**What the task requires:**
Required from the data below: the exact lines starting at the line containing "Micro-Mobility Industry Report" and ending at the line containing "Туфли Steve Madden серебряные", with both ends kept and all pictures dropped.

-- Supplied entries follows --

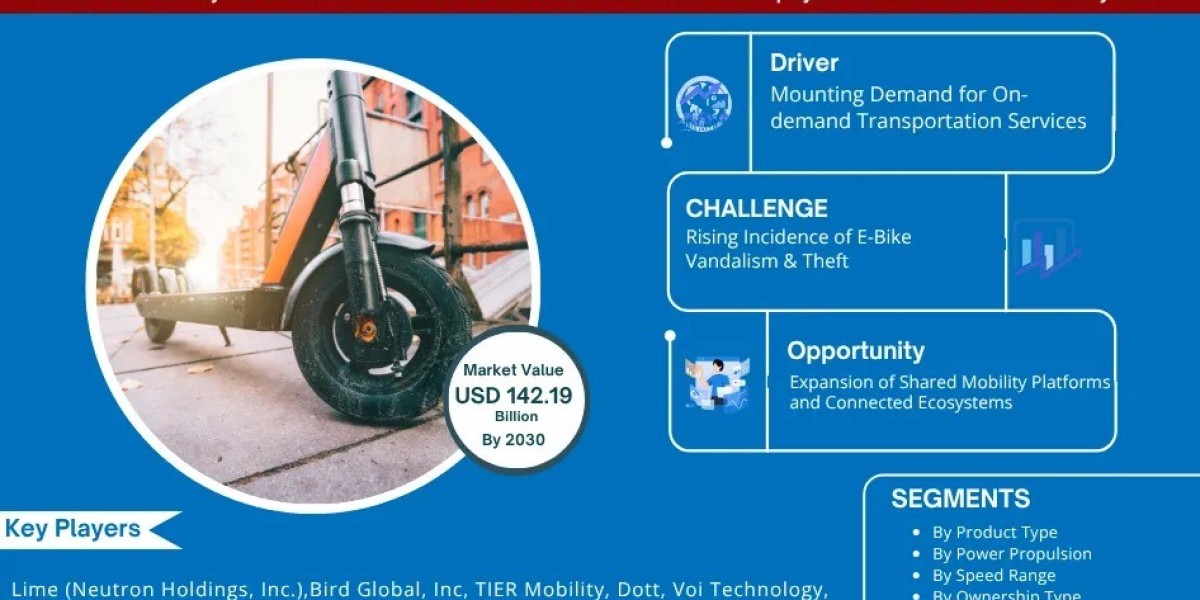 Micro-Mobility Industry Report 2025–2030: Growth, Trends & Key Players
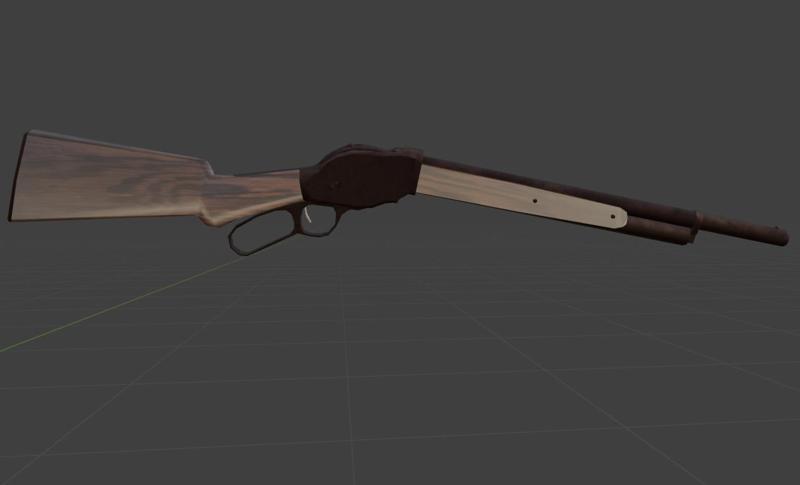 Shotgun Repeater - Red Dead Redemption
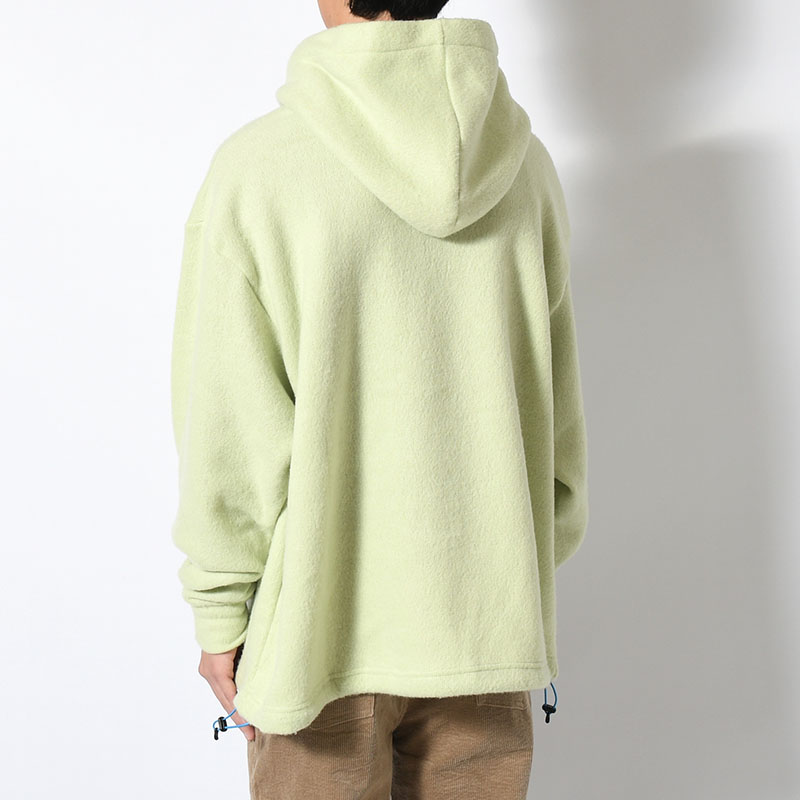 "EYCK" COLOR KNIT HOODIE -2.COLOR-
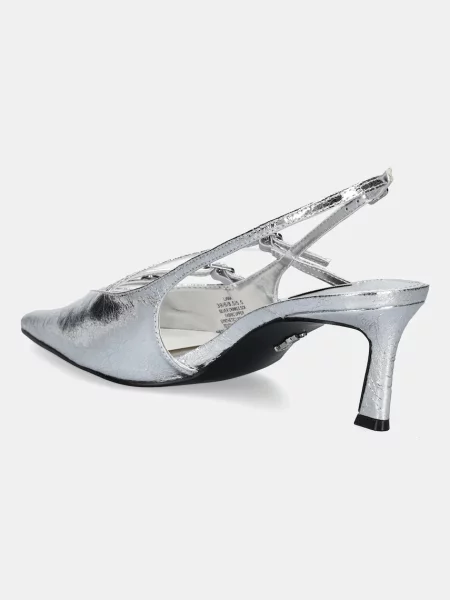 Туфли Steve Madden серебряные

-- Supplied entries concluded --
-- Supplied entries follows --

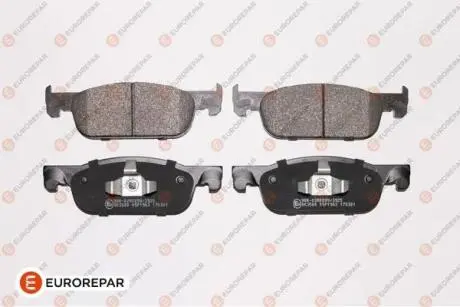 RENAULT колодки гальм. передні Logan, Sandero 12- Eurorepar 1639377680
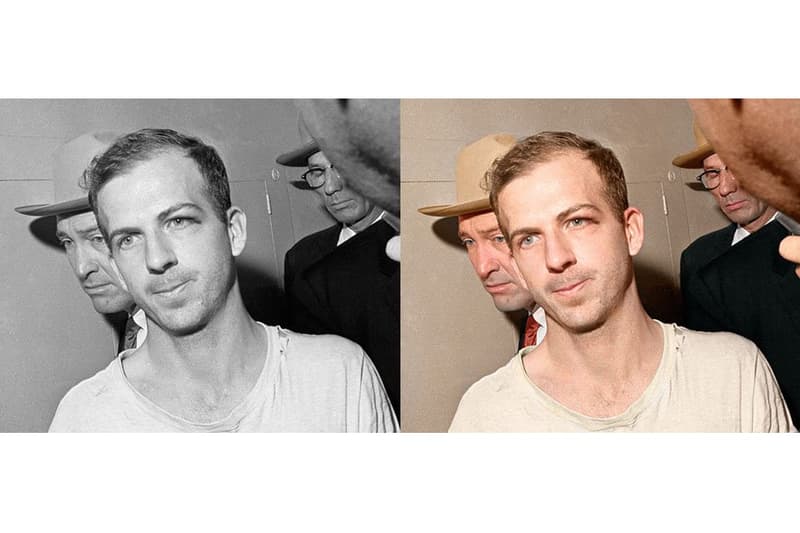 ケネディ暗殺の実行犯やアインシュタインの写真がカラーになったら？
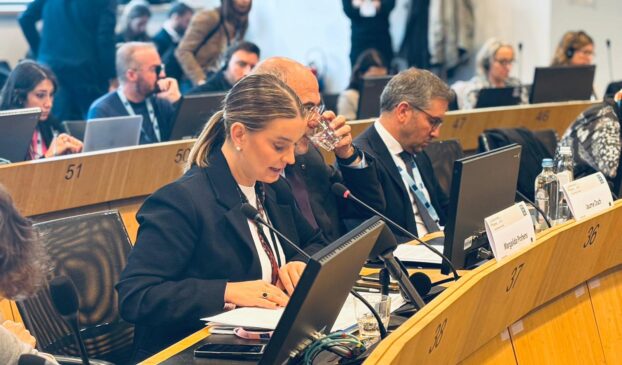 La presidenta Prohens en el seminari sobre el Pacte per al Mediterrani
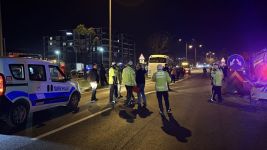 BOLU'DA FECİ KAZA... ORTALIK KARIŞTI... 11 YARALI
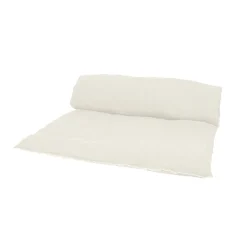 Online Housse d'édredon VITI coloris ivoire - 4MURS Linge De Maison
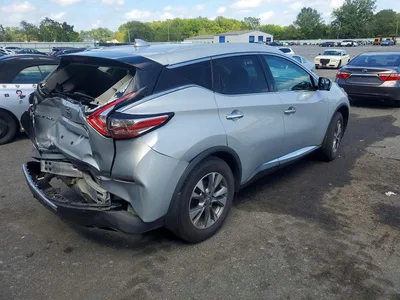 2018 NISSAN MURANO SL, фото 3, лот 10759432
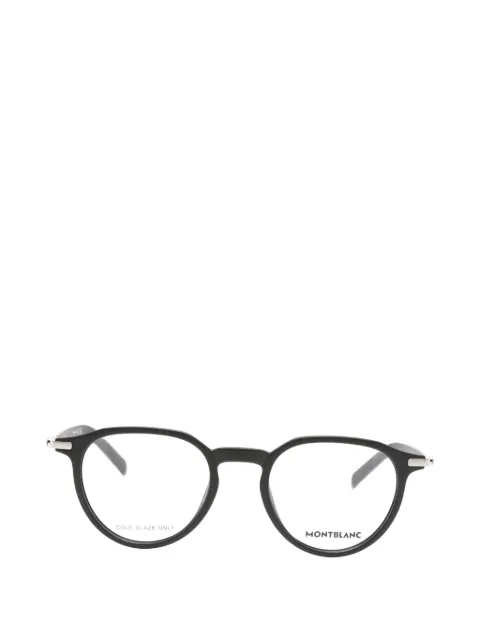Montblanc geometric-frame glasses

-- Supplied entries concluded --

**Written reply:**
 Micro-Mobility Industry Report 2025–2030: Growth, Trends & Key Players
 Shotgun Repeater - Red Dead Redemption
 "EYCK" COLOR KNIT HOODIE -2.COLOR-
 Туфли Steve Madden серебряные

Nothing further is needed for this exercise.